Ninth Circuit upholds advertising ban in public broadcasting

In an opinion released this week, the Ninth Circuit Court of Appeals has upheld broad restrictions on advertising in public broadcasting, including over-the-air student-run broadcast stations. The en banc decision reversed last year’s decision by a panel of three judges in the same court.

Advertising “posed a threat to the noncommercial, educational nature of noncommercial educational programming” on public broadcast stations, Judge M. Margaret McKeown wrote in Monday’s majority opinion.

The chief judge of the circuit, Alex Kozinski, vigorously dissented.

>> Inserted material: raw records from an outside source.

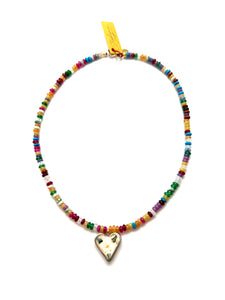 Antique Folk Art Ceramic Heart Pendant Necklace – 16” with Gold-Filled Clasp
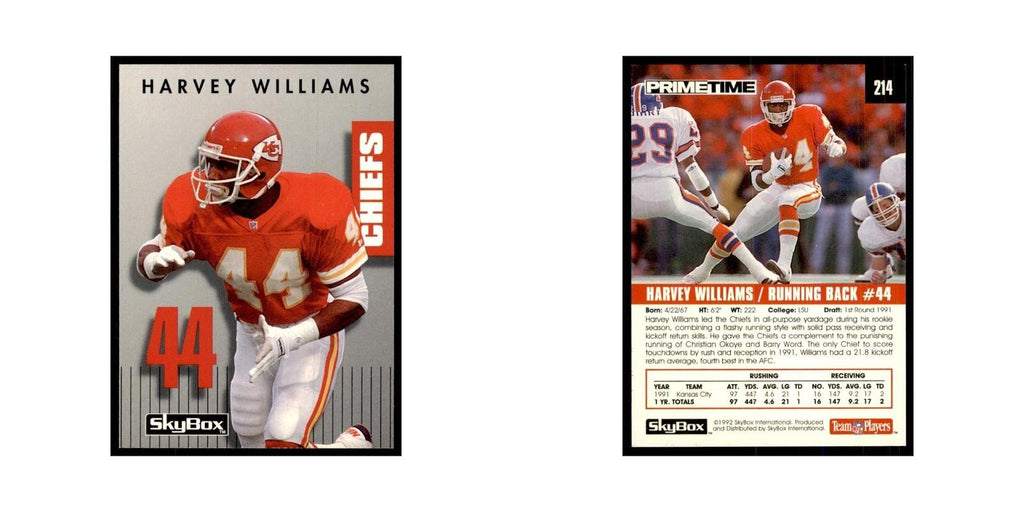 1992 SkyBox Primetime Harvey Williams Chiefs #214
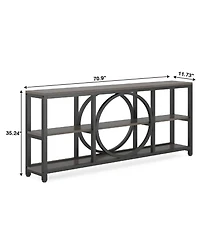 Slickblue Modern Narrow Console Table with 3-Tier Shelves for Entryway and Hallway Storage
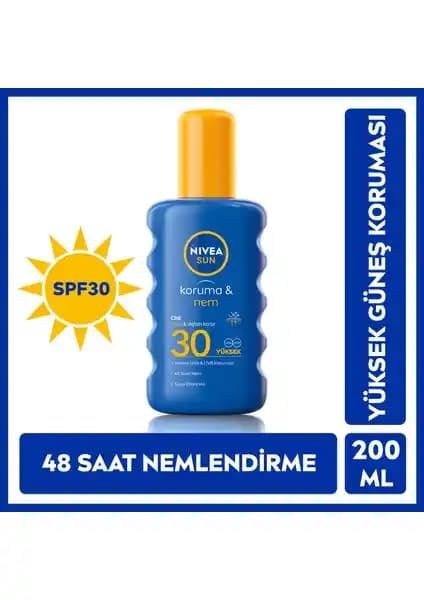 Nivea Sun SPF30 Güneş Koruyucu ve Nemlendirici Sprey Güvenilir Koruma ve Uzun Süreli Nemlendirme
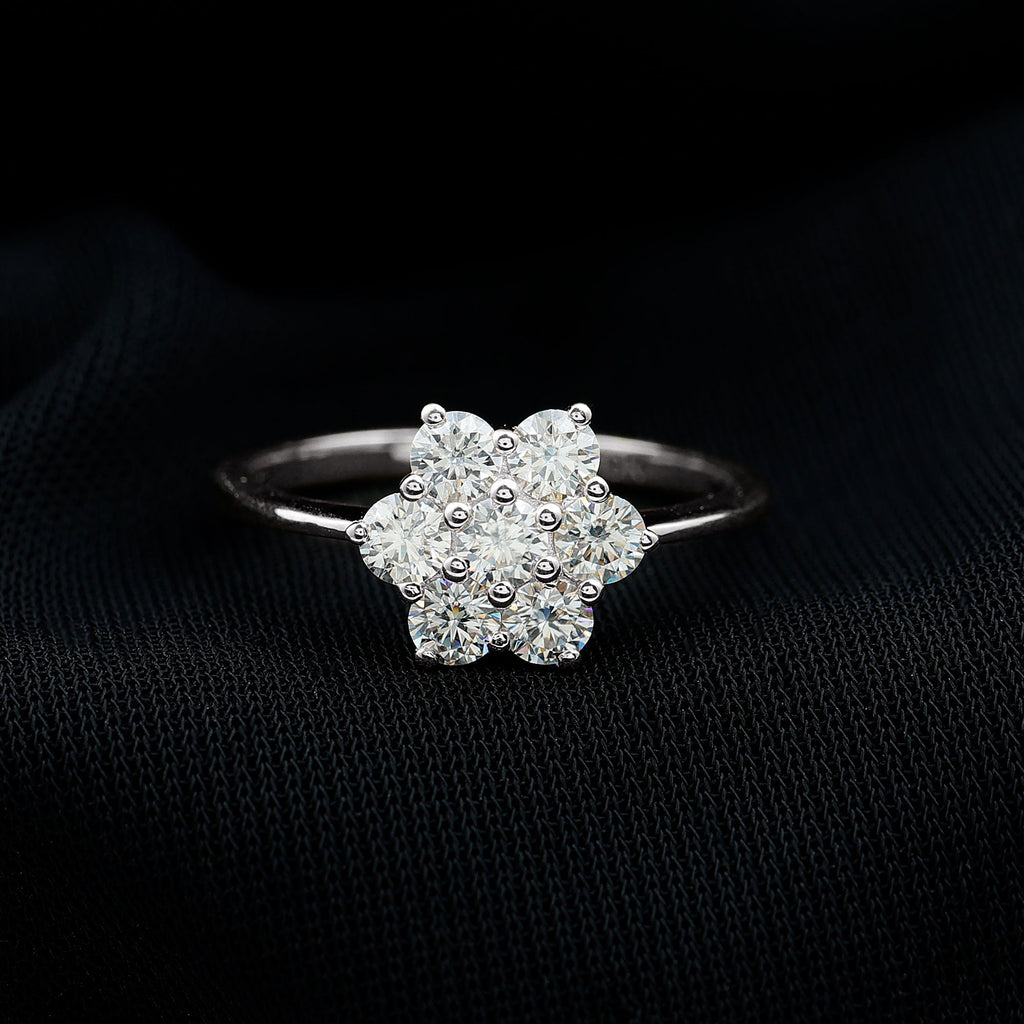 Round Lab Grown Diamond Floral Cluster Engagement Ring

In an opinion joined by Judge John T. Noonan, Kozinski said the majority opinion was overly deferential to the FCC’s justifications for restricting broadcasters’ speech: “[W]e can’t just trot out all of the reasons the government advances in support of the regulation and salute.” He mocked the evidence that advertising would threaten the nature of public broadcasting as “a bunch of talking heads bloviating about their angst.”

Last year, a panel of judges in the same court ruled the government could ban commercial, but not political or issue-oriented, advertising. The federal government appealed. The new ruling reinstates the ban as to political/issue ads as well as commercial ads.

Minority TV, a public broadcasting station in San Francisco, first challenged the ban when it was fined by the FCC for airing paid content. The station claimed the ban violated the First Amendment, but later paid the fine in full.